Changing the playbooks
As those entrepreneurs make a mass retreat, Japanese retailers are reporting a steep decline in what was seen as foreign visitors' inbound consumption. In the face of choppy exchange rates, demand by actual tourists has also shifted to sweets, general merchandise and similar goods and away from high-end products such as rice cookers.
More Chinese tourists are spending money on hot springs and other leisure pursuits. That helped depress consumption per Chinese tourist in Japan by nearly 10% during the first three months this year. Those observations lend support to the idea that Chinese bakugai is losing steam.
But not so fast. Chinese consumers' love for Japanese goods is not gone. What's happening is that they are now buying those goods in their home country. Bakugai is entering a second stage.
Zhou Lu, a 28-year-old company worker living in Dalian, vividly remembers the exhausting days when she would travel to Japan and bulk-buy merchandise at several locations. She still prefers Japanese goods when it comes to diapers, cosmetics and other items. But "I prefer to buy things on Chinese retailing sites, and I want to enjoy a vacation during my vacations," Zhou said. Sensible Chinese will likely be sticking to this style of Japanese excursion.
Meanwhile, private traders in China are partnering with run-of-the-mill importers in order to forge a new path to earnings. Hong Yunlai, a 30-year-old broker who has been in the business for five years and whose clientele spans 2,000 customers has recently started purchasing goods from traditional shippers once those products reach Chinese shores.   
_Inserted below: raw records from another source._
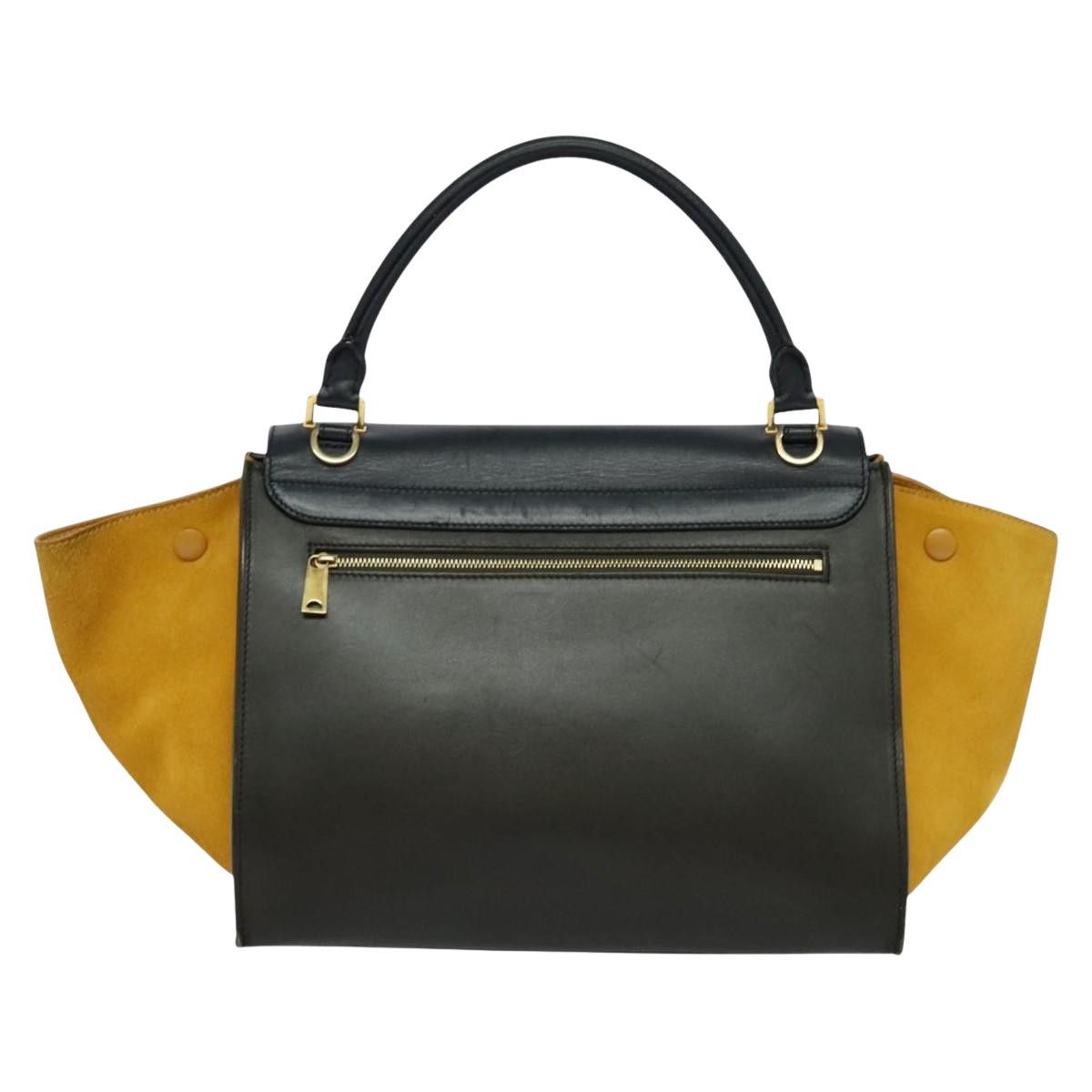 Celine Céline Trapèze tote Size ONE SIZE - 2 Thumbnail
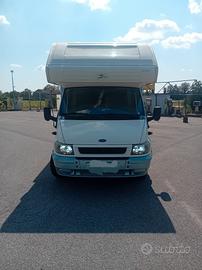 rimor blucamp sky 500 doppio climatizzatore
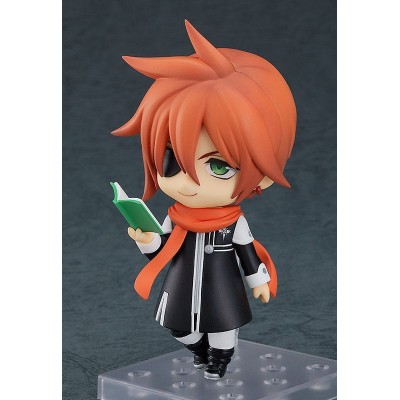 D.GRAY-MAN - Lavi Nendoroid Action Figure 10 cm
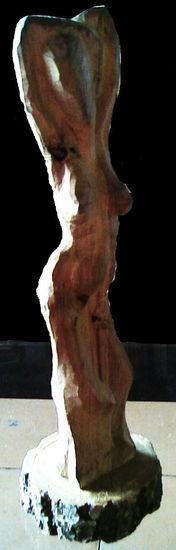 Venus de La Habana Madera Figurativa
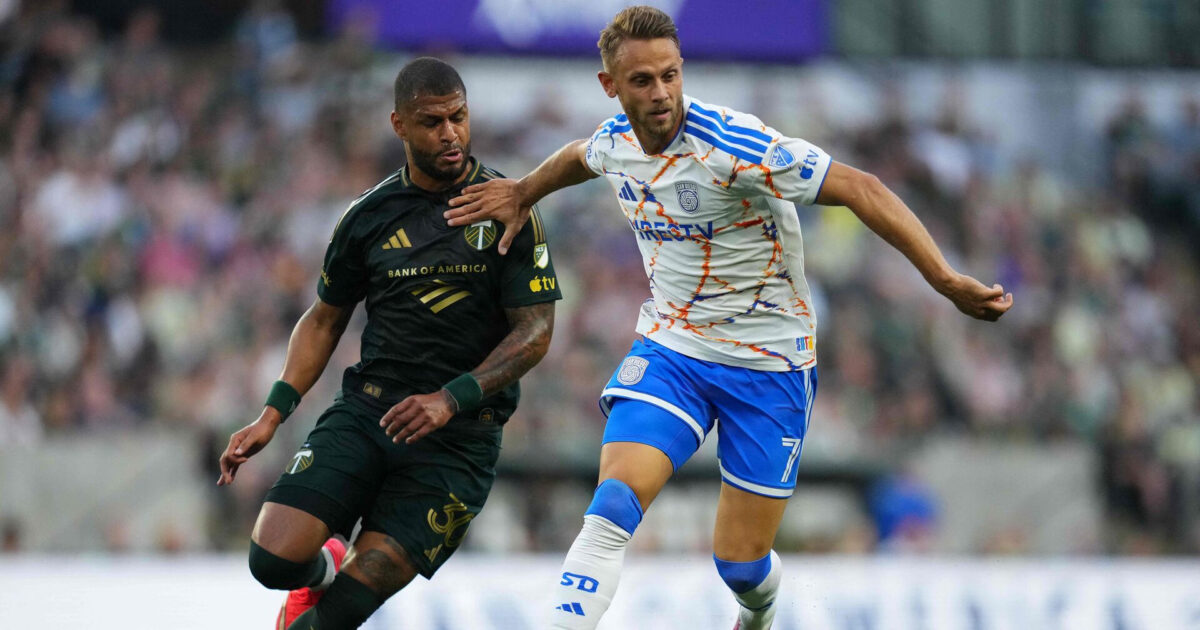 Dårlig dansk morgen i MLS Foto: Soobum Im/AFP/Ritzau Scanpix
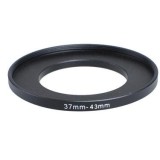 Inel reductie step-up 37-43mm, Generic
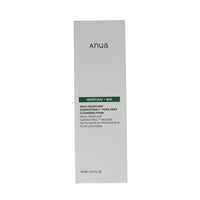 ANUA 150ML CLEANSING FOAM HEARTLEAF QUERCETINOL PORE DEEP 11/26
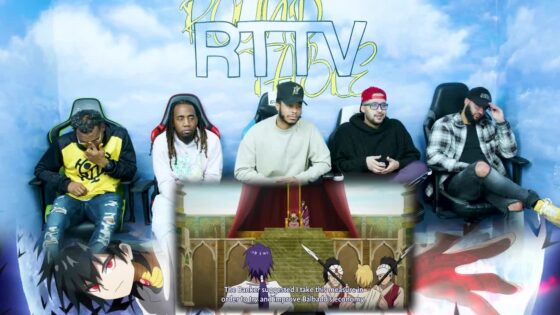 Magi Ep 9 10 Full Reaction - 46deb511636dc48017bd1eff3c0ea796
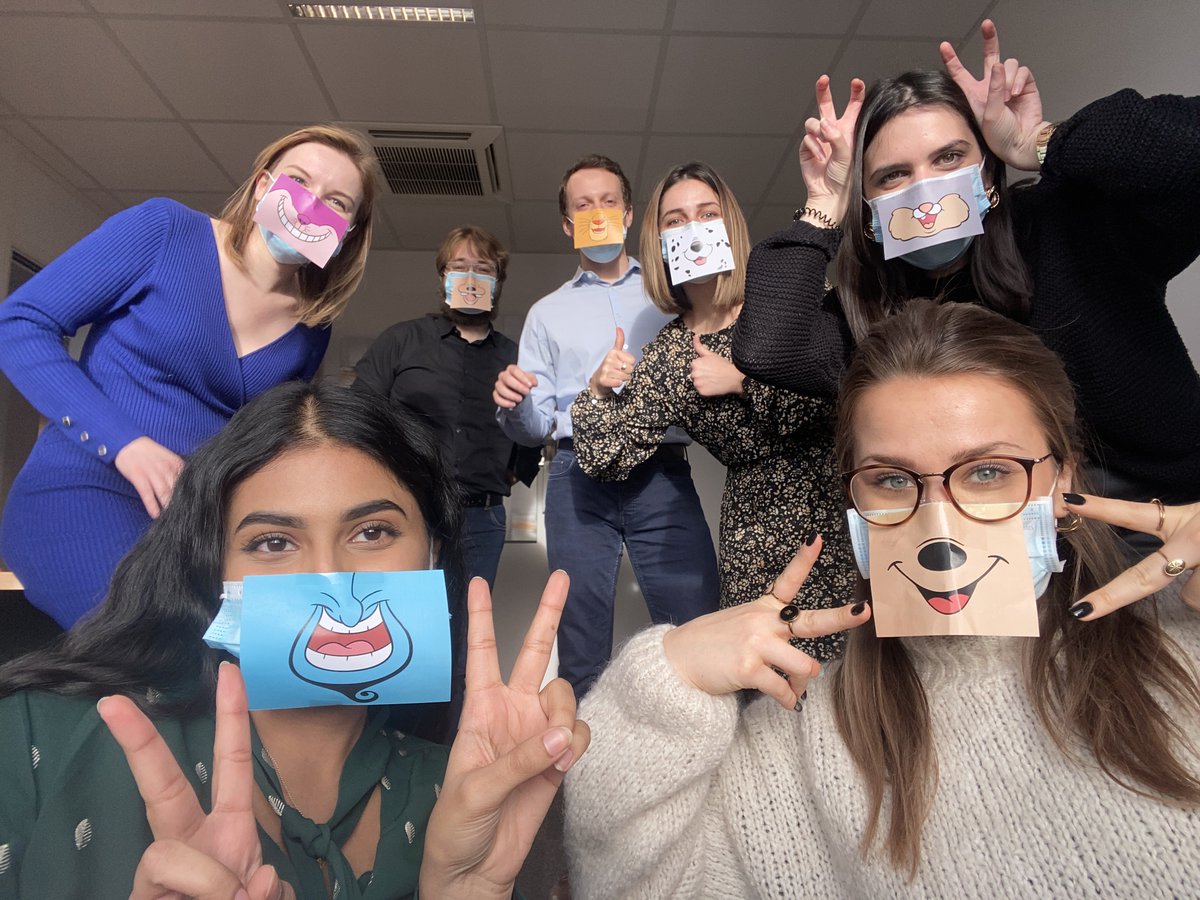 Parait-il qu’aujourd’hui c’est le jour le plus déprimant de l’année… 😱

Chez Hubshare on a décidé de garder le smile et de vous partager de bonnes ondes ! 😁

#bluemonday #Smile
Not only are those shippers able to procure goods at high volume and low cost, they also enjoy tax benefits. For Hong, that translates to purchasing costs that are even cheaper than buying goods directly at Japanese retailers: "I will enjoy steady revenue, even if the profit margins are narrow."
Will Japan Inc. shift gears?
China's cross-border e-commerce market grew 50% last year to 900 billion yuan ($134 billion), according to Chinese research firm iResearch Consulting Group. The market is expected to expand this year to 1.2 trillion yuan. Japanese retailers might see a temporary resurgence of business if the yen retreats. Even so, the armies of Chinese tourists schlepping large suitcases will still likely become a thing of the past.
It is easy to blame the loss of store sales in Japan on the Chinese economic slowdown or currency fluctuations, rather than on the rapidly transforming commercial landscape in the Middle Kingdom. Yet, the Chinese middle class, the ones that travel to Japan, are still seeing their income levels grow. High-end products and similar goods can be purchased anywhere in the world, and it was only a matter of time before the advantages the cheap yen presented became undone.
Japanese managers who pin their woes on conventional boogeymen may be simply rationalizing their own inertia.
Chinese manufacturers are not likely to improve product quality anytime soon, and the ranks of Chinese seeking Japanese products are expected to grow. Although internet shopping has made buying that merchandise on the mainland easier, the product lineup remains limited. It is up to Japan's retailers and manufacturers to generate new inbound demand, such as furnishing products that can only be obtained in Japanese stores.